The movie "Bad Grandpa" is number one this weekend.

Granted the movie is silly but looks hilarious from the trailer.

Anybody going to see it?

I will rent it for sure!


----------



## B- one (Jan 13, 2013)

This is one I'll see on Netflix. We don't rent movies anymore,I hate returning them. Then there is all the hassles of going to the movies cost,sitter,annoying/rude people and that's not forget having to buy dinner. I just buy the used blurays from Family Video. Luckily there are some great movie reviews here at HTS to save me on some of my purchases.


----------



## B- one (Jan 13, 2013)

B- one said:


> This is one I'll see on Netflix. We don't rent movies anymore,I hate returning them. Then there is all the hassles of going to the movies cost,sitter,annoying/rude people and that's not forget having to buy dinner. I just buy the used blurays from Family Video. Luckily there are some great movie reviews here at HTS to save me on some of my purchases.


That's was supposed to be let's. maybe I should read before sending.


----------



## Mike Edwards (Mar 10, 2011)

I usually hate Johnny Knoxsville with a passion, but this looks so funny that I may have to sneak in a cheap showing


----------



## |Tch0rT| (May 2, 2013)

The wife and I should go see this. Our first movie we saw together was Jacksass LOL. :bigsmile:


----------



## Infrasonic (Sep 28, 2010)

Finally saw this the other night. I was a bit nervous going in because I thought that possibly all the funny scenes were in the trailers but I was proven wrong - it was pretty dang funny! There were 2 _really_ funny scenes with lots of laugh out loud moments. 
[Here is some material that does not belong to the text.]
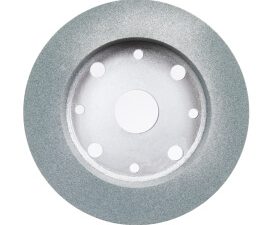 10 x 2 x 7 in. toolroom wheel 39c 60 k vmt t02 - 66253161678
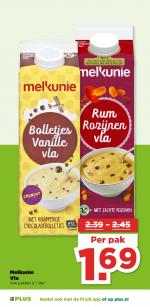 Plus reclame folder week 41, pagina.23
Sure it's not for everyone but for those who have a fairly juvenile sense of humor it'll be right up your alley. :laugh:


----------



## tripplej (Oct 23, 2011)

Infrasonic said:


> Sure it's not for everyone but for those who have a fairly juvenile sense of humor it'll be right up your alley. :laugh:


Lol. Guess I have to see this movie once it is available for home viewership. Glad to see that you liked it. I am also happy to read that there is more comedy than what was in the trailer. Thanks for your input.


----------